As an example, I recently spoke with a client who’d had a disagreement with a co-worker. He spent a good deal of the session delineating all of the ways in which this co-worker was “impossible to work with.” He talked about how this person missed deadlines, didn’t respond to emails, and backpedaled when things didn’t seem to go as planned. I could well imagine how frustrating this must be and how easy it would be to get caught up in the mindset of “if they only changed, things would be so much better.”
We talked through what he could control – what he is contributing to the situation. He realized that he’s been acquiescing to this peer. When this person didn’t respond to emails, my client would try following up and communicating in different ways. My clients shared that the impact of this lack of responsiveness and missing deadlines meant that he was often left scrambling to try and meet the demands of the business. In other words, to mitigate the impact on the rest of the organization, he was picking up the slack for this peer.
While he’d felt his frustration mounting over time, he’d not actually had a conversation with his co-worker to share his perspective. He recognized that by not setting clear boundaries with this co-worker, he was contributing to his own frustration. Specifically, my client owned that their choice to continue to “jump in and fix it” wasn’t an effective long-term solution for the organization. We talked through how he might approach the conversation, acknowledging the pattern they’d fallen into, identifying what’s working well and where there are opportunities for improvement, and opening a dialogue about what they can expect from one another going forward.
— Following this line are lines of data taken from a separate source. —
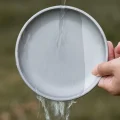 Metallic grey camping plate held upright while rinsing with water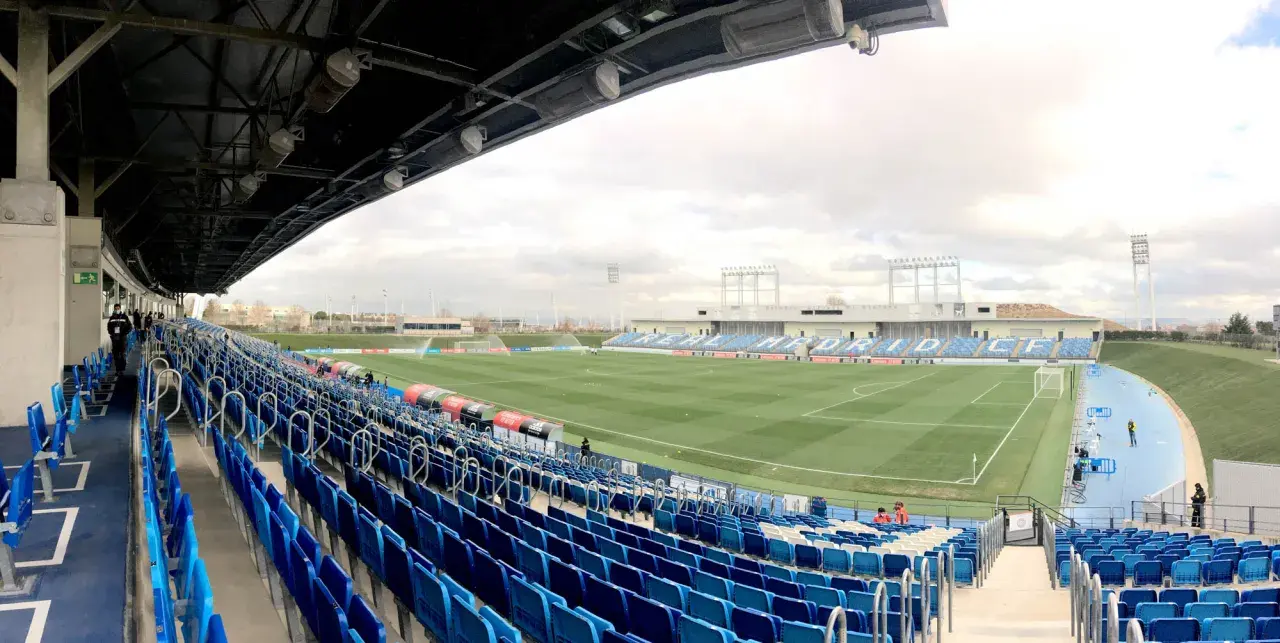 Puste trybuny stadionu Alfredo Di Stéfano, z zieloną murawą i niebieskimi siedzeniami, czekają na kibiców.
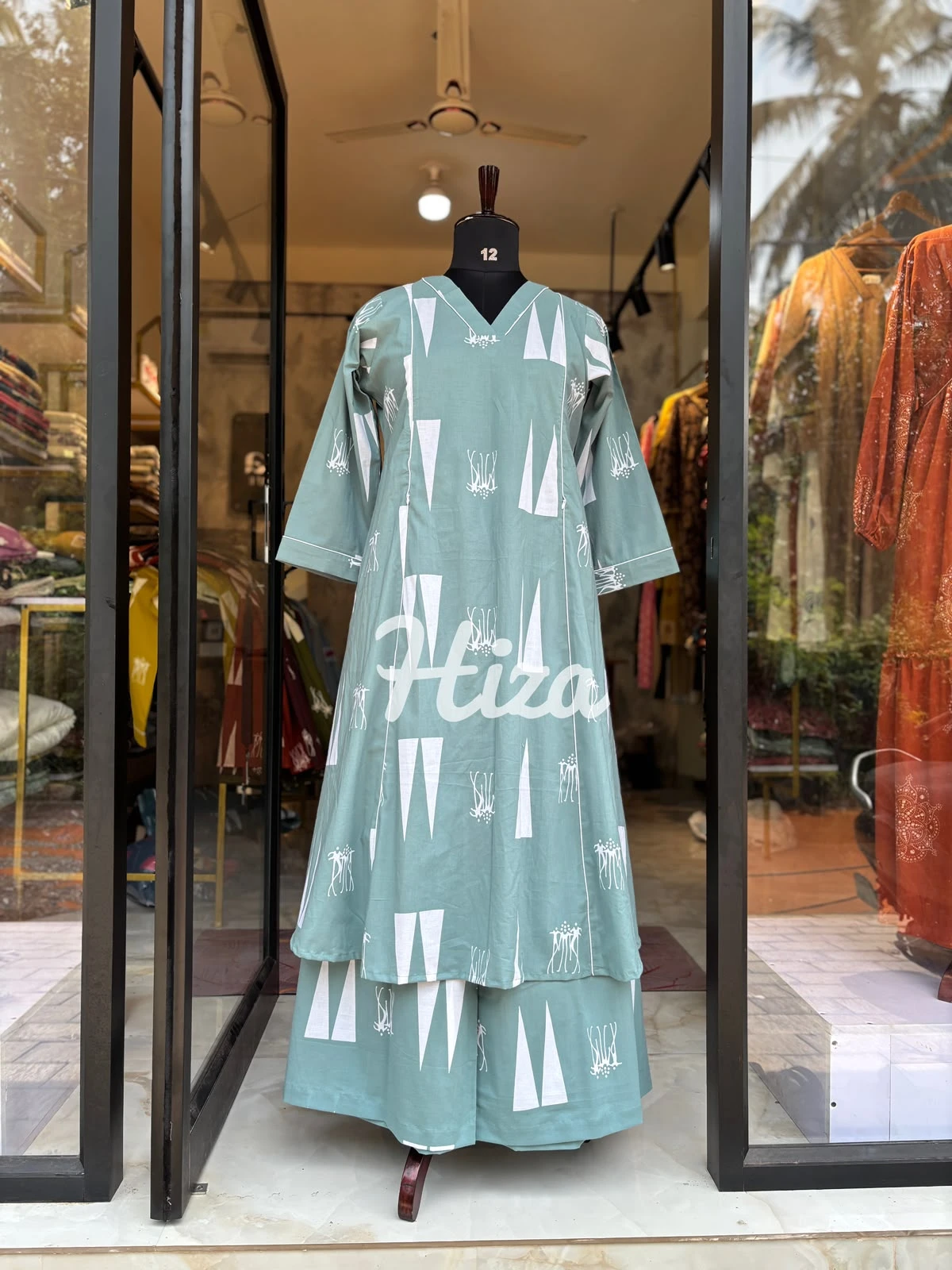 A dress form wearing a nursing codset online maternity wear in kerala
He came into our session aggravated because he felt there was nothing he could do, and that unless his co-worker changed, the situation wouldn’t get better. Through our conversation, he could see the parts of the situation he owned. This ownership led him to identify how changing his behavior might influence this relationship.
The point is not to give away your power. By focusing on yourself, and on what your contribution is, you regain your perspective. You remind yourself that you have choices, and in doing so, are able to identify a path forward.